The __dict__ attributes are set as expected. Note that, in Python, everything is an object. A class is actually an object as well, so it will also have a __dict__ attribute that contains all the attributes and methods of the class.

So, what’s going on under the hood when you access an attribute in Python? Let’s make some tests with a modified version of the former example. Consider this code:

# lookup.py
class Vehicle(object):
    can_fly = False
    number_of_weels = 0

class Car(Vehicle):
    number_of_weels = 4

    def __init__(self, color):
        self.color = color

my_car = Car("red")

print(my_car.color)
print(my_car.number_of_weels)
print(my_car.can_fly)

In this example, you create an instance of the Car class that inherits from the Vehicle class. Then, you access some attributes. If you run this example, then you can see that you get all the values you expect:

$ python lookup.py
red
4
False

Here, when you access the attribute color of the instance my_car, you’re actually accessing a single value of the __dict__ attribute of the object my_car. When you access the attribute number_of_wheels of the object my_car, you’re really accessing a single value of the __dict__ attribute of the class Car. Finally, when you access the can_fly attribute, you’re actually accessing it by using the __dict__ attribute of the Vehicle class.

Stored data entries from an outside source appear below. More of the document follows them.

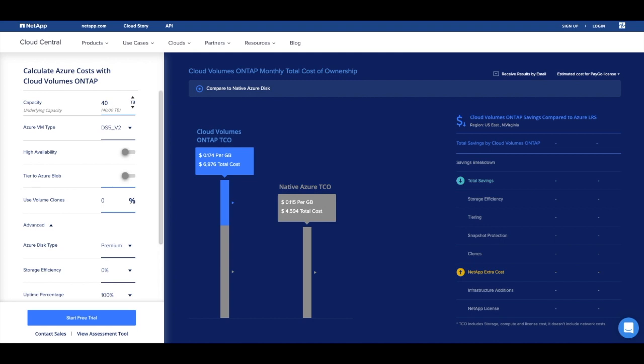Initially, you might think that the do-it-yourself approach is more cost effective. But as this demonstration will show, Cloud Volumes ONTAP can save your organization thousands of dollars by using just four basic ONTAP features.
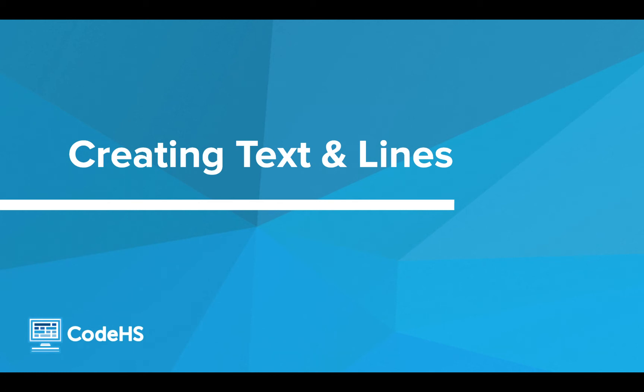Hi! In this lesson, we're going to look at how we can create graphics using Python. Let's get started!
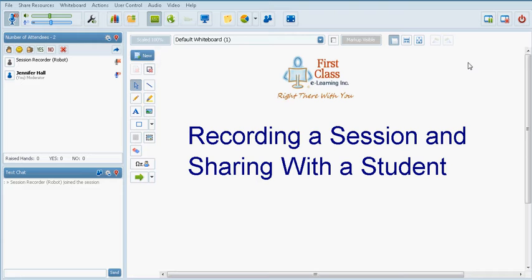This may be used if for example it's a long session and the tutor would like to break up the session into parts. The tutor has the option of having two or more recordings for the same session with each recording having a different topic.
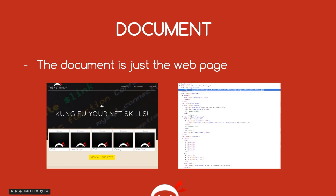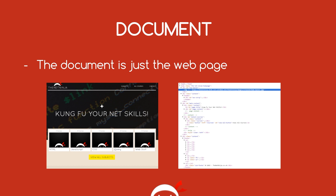Working through the DOM one component at a time - first of all we've got the document. And the document is just the web page. It doesn't matter whether you view that web page in a browser on the left or in your text editor on the right, we'll see two different things but it's the same thing - it's just the document. Typically speaking, when we do web design and web development, that document is a HTML document. So when we say the document in regards to the DOM, we generally mean the HTML document.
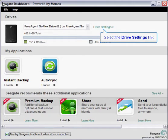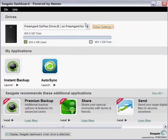To get started, click on the drive settings link. This will launch the drive settings menu.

This means that it’s possible to rewrite the above example like this:

# lookup2.py
class Vehicle():
    can_fly = False
    number_of_weels = 0

class Car(Vehicle):
    number_of_weels = 4

    def __init__(self, color):
        self.color = color

my_car = Car("red")

print(my_car.__dict__['color'])
print(type(my_car).__dict__['number_of_weels'])
print(type(my_car).__base__.__dict__['can_fly'])

When you test this new example, you should get the same result:

$ python lookup2.py
red
4
False

So, what happens when you access the attribute of an object with dot notation? How does the interpreter know what you really need? Well, here’s where a concept called the lookup chain comes in:

  • First, you’ll get the result returned from the __get__ method of the data descriptor named after the attribute you’re looking for.

  • If that fails, then you’ll get the value of your object’s __dict__ for the key named after the attribute you’re looking for.

  • If that fails, then you’ll get the result returned from the __get__ method of the non-data descriptor named after the attribute you’re looking for.

  • If that fails, then you’ll get the value of your object type’s __dict__ for the key named after the attribute you’re looking for.

  • If that fails, then you’ll get the value of your object parent type’s __dict__ for the key named after the attribute you’re looking for.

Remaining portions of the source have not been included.